Don't block the coconut shrimp!

     The Swiss ban is based on fear, which, sadly, the Swiss do not have a monopoly on, as this e-mail illustrates:

         
           Neil,
    I was in Costco in Niles yesterday around 5 p.m. The store was packed. I was going in to buy cat food. The pet food section is on the far wall, at the corner. As I approached the cat food, I saw three women in full on burkas. Completely cloaked except for their eyes.
     They were kneeling and praying to Mecca. In a COSTCO. In the USA. I gotta tell you, I was totally freaked out and totally enraged. At that moment I wanted to attack them, physically. Really. I couldn't believe it, and I thought it was totally wrong. If you have to pray to Mecca, don't go to Costco. I got my cat food, and walked past them and I just said, loudly, "This is the UNITED STATES OF AMERICA."
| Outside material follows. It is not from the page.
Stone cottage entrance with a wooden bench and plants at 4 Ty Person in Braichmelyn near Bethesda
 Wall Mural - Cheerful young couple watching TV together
     What could I have done? I wanted to complain to the management, but by the time I got through the line to pay I just wanted to get the hell out of the store. That experience totally made me sympathize with the woman who pulled the headscarf off the Muslim woman on the South Side. I am not a religious person at all, but I was enraged. What is going on? What do you think about that? . . . I had a cell phone with a camera, and I wanted to film them but I couldn't do it.
Thanks!
     Here she gives her full name and place of employment -- which I, a kind soul, will withhold.
     I wrote her back:

     While I appreciate your candor, you should realize that this is one of those times when a complaint says a lot more about the complainer than it does the thing being complained about. A few questions—What is it about a Costco that makes it less appropriate a location than anyplace else for those women to pray? Had they been a trio of elderly women doing the rosary at the coffee shop in a Borders bookstore, would you also have been "enraged"? If the answer is no, then it isn't an issue of people praying in commercial public spaces, but how they pray and what kind of space they pray in. Is Costco somehow especially sacred to you? I mean, I know they hand out that coconut shrimp, but still . . .
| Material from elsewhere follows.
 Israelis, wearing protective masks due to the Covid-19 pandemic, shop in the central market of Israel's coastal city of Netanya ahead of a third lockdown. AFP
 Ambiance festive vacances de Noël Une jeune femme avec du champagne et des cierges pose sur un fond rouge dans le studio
     And what does "This is the UNITED STATES OF AMERICA" mean to you? I thought it meant that this is exactly the sort of place where a woman, however she dresses, could feel safe from being attacked by strangers enraged by her attire, as opposed to, say, Saudi Arabia, where she might be attacked for wearing a short dress. Is the Saudi way actually the American way?
     Frankly, if you're sending this to me, then you haven't quite grasped what I've been writing, lo these many years. As the saying goes: Hating other people is like taking poison and expecting someone else to die. Had you viewed this calmly, an argument could be made that if we allow religions to start using our discount stores as places of worship, then the aisles will be clogged and we won't be able to get to our cat food.
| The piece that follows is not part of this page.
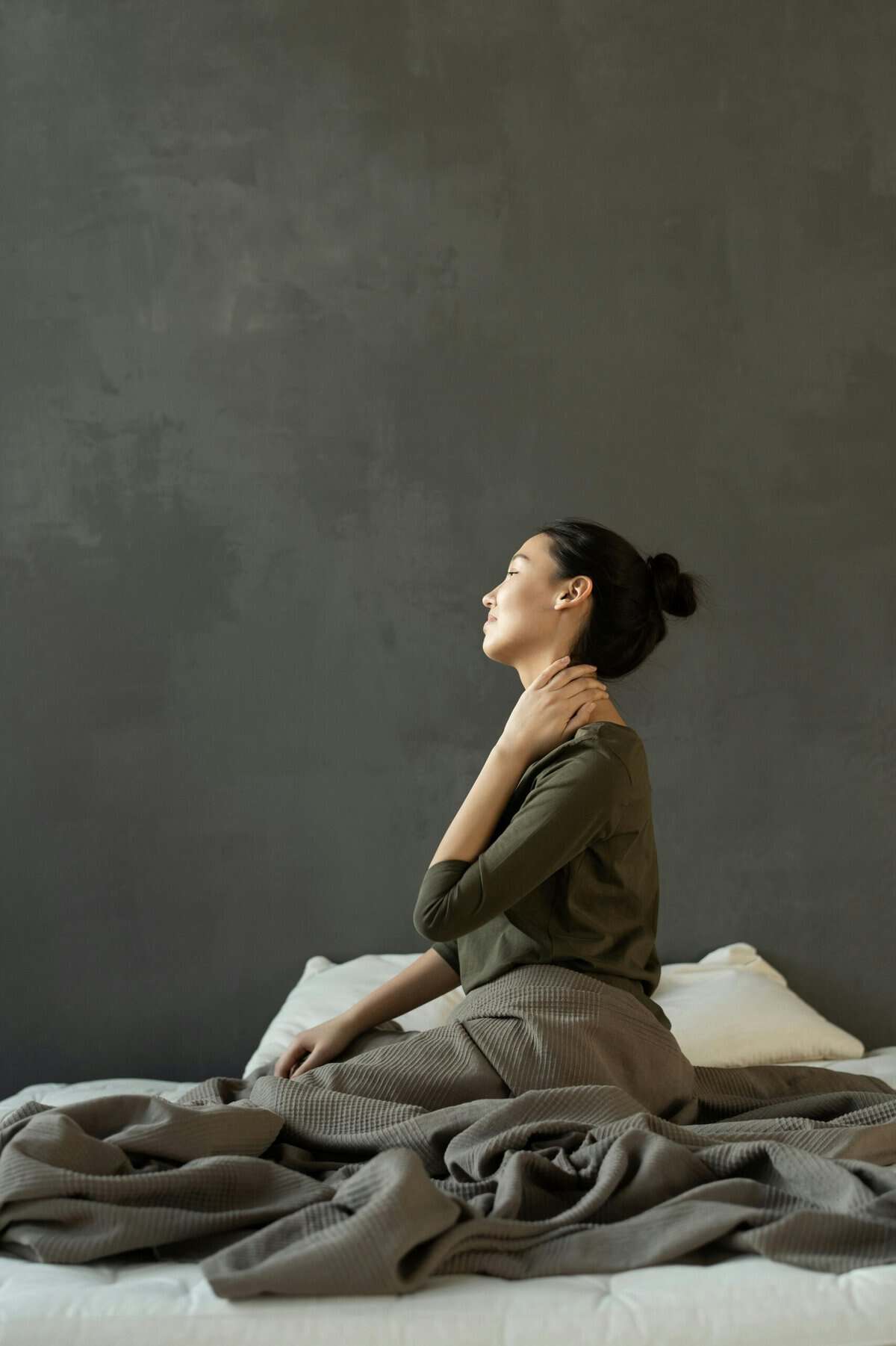 A woman sits quietly on a grey bed with her eyes closed, one hand resting on her neck. The image captures a moment of reflection, self-care, and the ongoing reality of living with chronic pain or physical discomfort.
     That is reasonable, and I would agree. But it is also a long way from rage. Would you feel the same if a group of Christmas carolers were blocking your way to the cat food? If Islam is so offensive, then why were you the one who was "enraged" in Niles, while the Muslim women were the ones praying to God?
     My older son's junior high school math teacher wears a full burka with a face veil, something I was surprised to discover at parent-teacher conferences. When I later asked my son why he hadn't mentioned that before—it seemed interesting, the sort of thing one might toss out in casual conversation—he said, and I quote: "You know, Dad, you taught us that kind of thing doesn't matter." I'm proud of that. Turns out she's a good, enthusiastic math teacher, a fact that would have been lost to me had I worked myself into a knot over her outfit. As it was, it took me maybe 30 seconds to get used to talking with a woman wearing a veil, a path I heartily recommend.
     It's still a person under there.
     Thanks for writing. I don't usually argue with readers, one-on-one, at least not at such length. But yours is, alas, a common attitude that most people don't have the lack of inhibition to actually come out and say, and I couldn't pass up the opportunity to try to set you straight.